De term is vast bekend. Childeren with special needs. Vertaald: Kinderen met speciale behoeften.
Hierbij kun je denken aan kinderen met een beperking of een diagnose. Kinderen met een ontwikkel- en of leerachterstand.|
Wat maakt dat we hebben bepaald dat wat zij nodig hebben ‘speciaal’ is? Omdat het anders is? Is niet elk kind anders?
Kunnen niet ALLE kinderen speciale behoeften hebben?
Toch is de werkelijkheid zo, dat wanneer er in een gezin een kind is met ‘special needs’, er veel tijd, aandacht en zorg uitgaat naar deze kinderen. Die tijd, aandacht en zorg kan je elke keer maar aan één kind bieden.
En daar zit gelijk de andere kant. Want als er tijd, aandacht en zorg uitgaat naar het broer(tje) of zus(je) met ‘special needs’, is dat er niet/in mindere mate er voor het andere kind/de andere kinderen in het gezin.
Die kinderen, hoe cru het ook klinkt, worden soms vergeten of niet (volledig) gezien en gehoord.
Ze zijn er, maar net alsof ze zijn gemaakt van glas.
Je ziet ze, maar niet echt. Niet diegene/ datgene wat erin zit of juist mist.
Daar komt de term ‘Glass Child” vandaan. Deze kinderen maken zich, op een gegeven moment doorzichtig, als ze merken dat zij onvoldoende worden gezien en gehoord. Ze passen zich aan en schikken zich in. Ten koste van zichzelf.
Ik herken me in deze term. Opgroeiend met zowel een broertje als een zusje met een diagnose.
Het zijn van oudste dochter én de moeilijke periode die de echtscheiding van mijn ouders heeft opgevolgd.
Ieder kind heeft recht op ”special needs”, omdat datgene dat ze nodig hebben nu eenmaal kan verschillen van kind op kind.
Ik ben voorstander om de term ‘special needs’ af te schaffen/ te normaliseren.
De behoeften zijn (zo goed mogelijk) afgestemd op het kind.

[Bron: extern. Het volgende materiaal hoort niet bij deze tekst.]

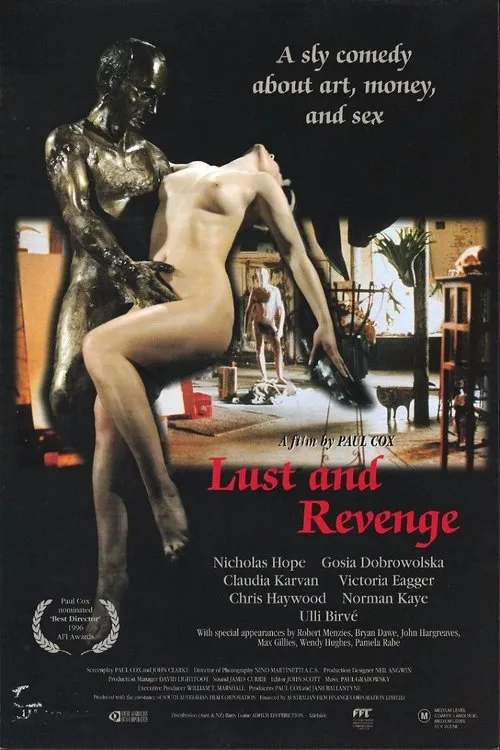 Póster de Lust and Revenge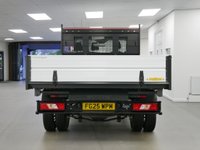 USED 2025 25 FORD TRANSIT 470 RWD 2.0 EBL 130 BHP L2 MEDIUM TWIN WHEEL TIPPER  TIPPER | TWIN WHEELS | 470 WEIGHT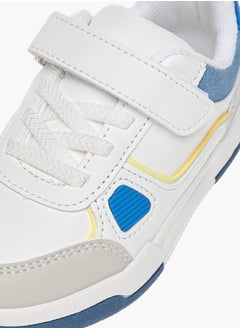 LBL by Shoexpress Boys Panelled Sneakers With Hook And Loop Closure  - Image 4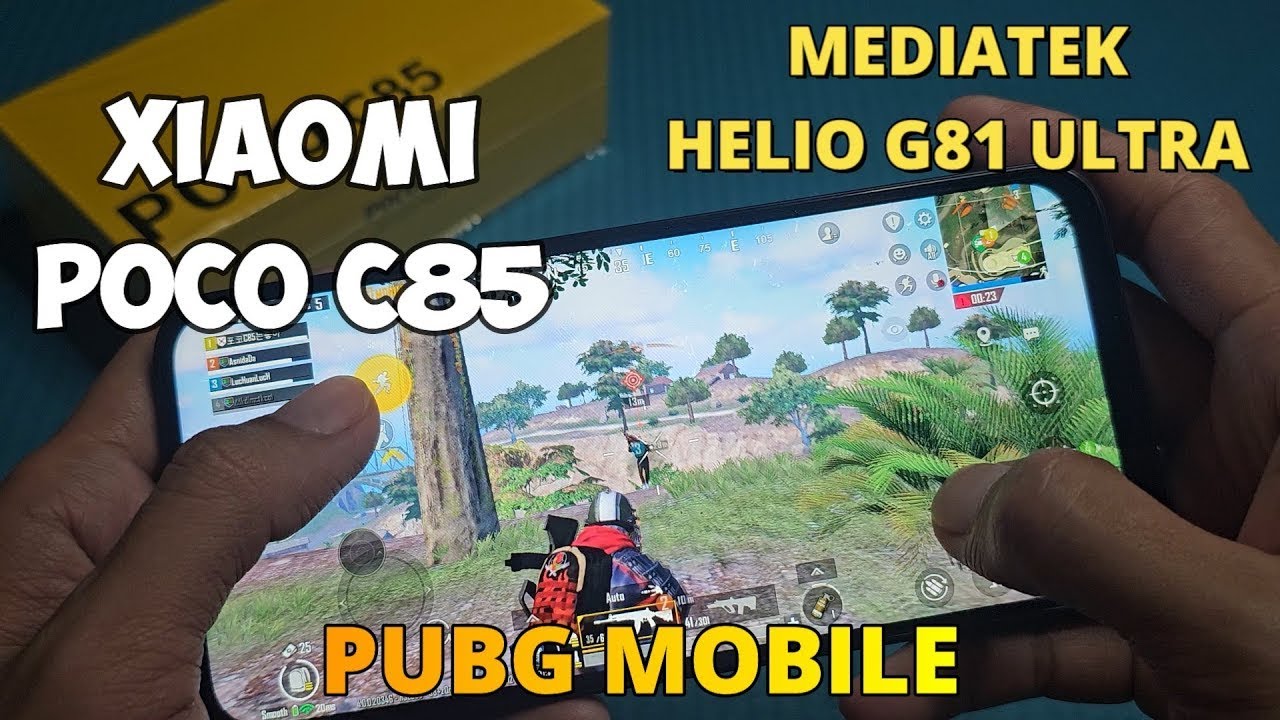 Cara Mematikan HP Poco C85 & C75 dengan Mudah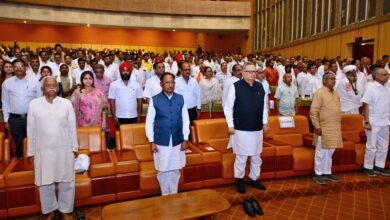 समाज, संगठन और योग के प्रति समर्पित था रूपनारायण सिन्हा जी का जीवन : मुख्यमंत्री श्री साय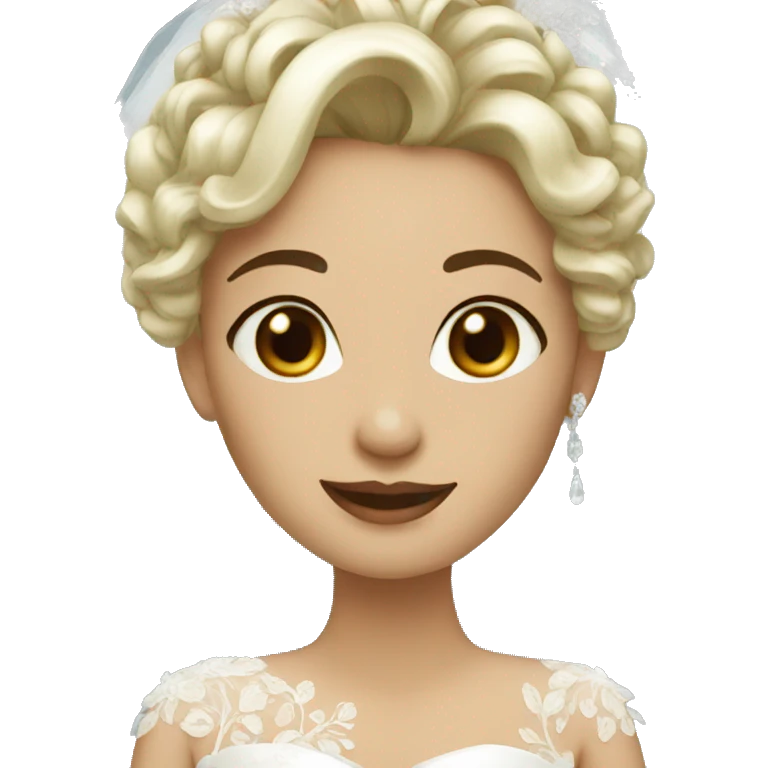 bride emoji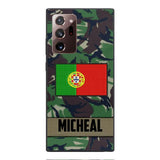 Personalized Portuguese Soldier Phone Case OCT-LN07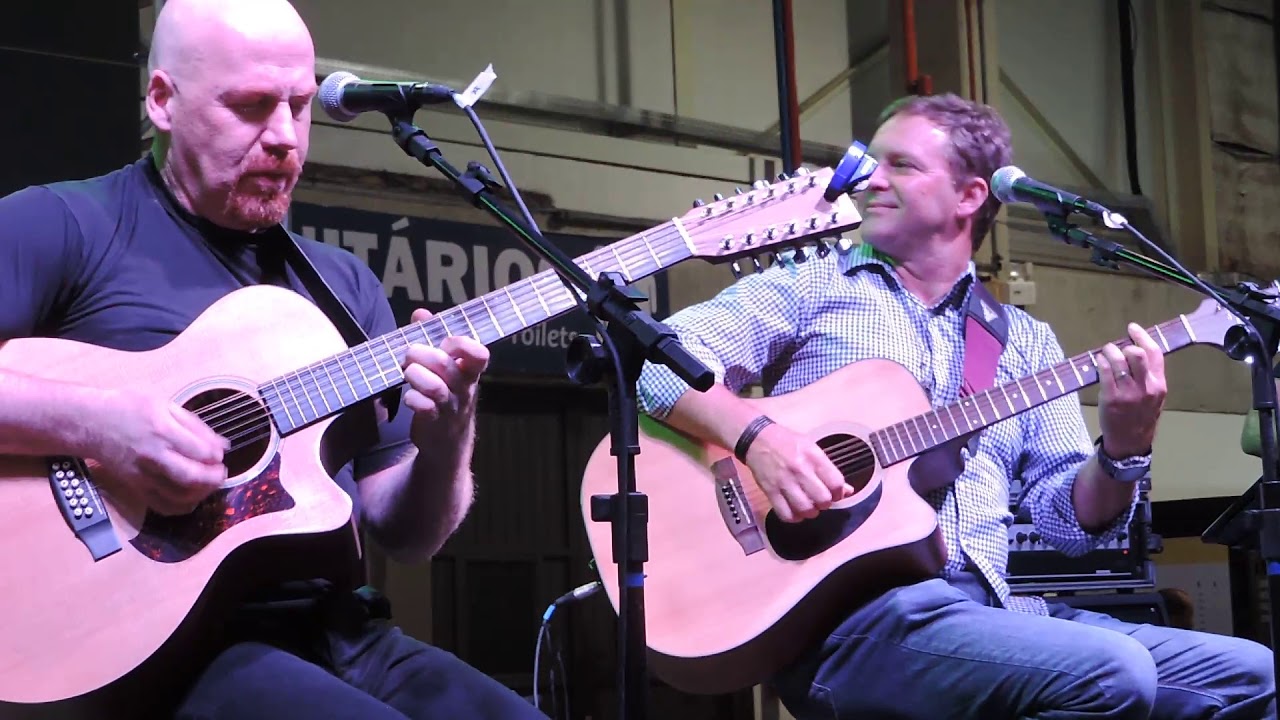 Banda Expresso Rural no Festival Brasileiro da Cerveja 2018 em Blumenau - SC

Punt.
Laat ik voorop stellen, want dit kan ik nu zeggen nu ik zelf ook moeder ben:
Opvoeden is echt ontzettend hard en moeilijk werk. Je doet zo goed mogelijk je best, wetende dat het nooit goed genoeg is.
Doordat ik hard werk aan mezelf:
Het leren kennen wie ik ben, waar ik vandaan kom (generationeel gezien), me zoveel mogelijk bewust ben van mijn eigen angsten, eigenschappen en kracht.
Zo kan ik, zo goed en kwaad ik dat doe, mijn kind zien en laten zijn in diens eigenheid. Niet zoals ik wil dat die is of zoals mijn man wil dat die is.
Zal ik het altijd goed doen?
Nee. Ik doe het beste wat ik op dat moment kan.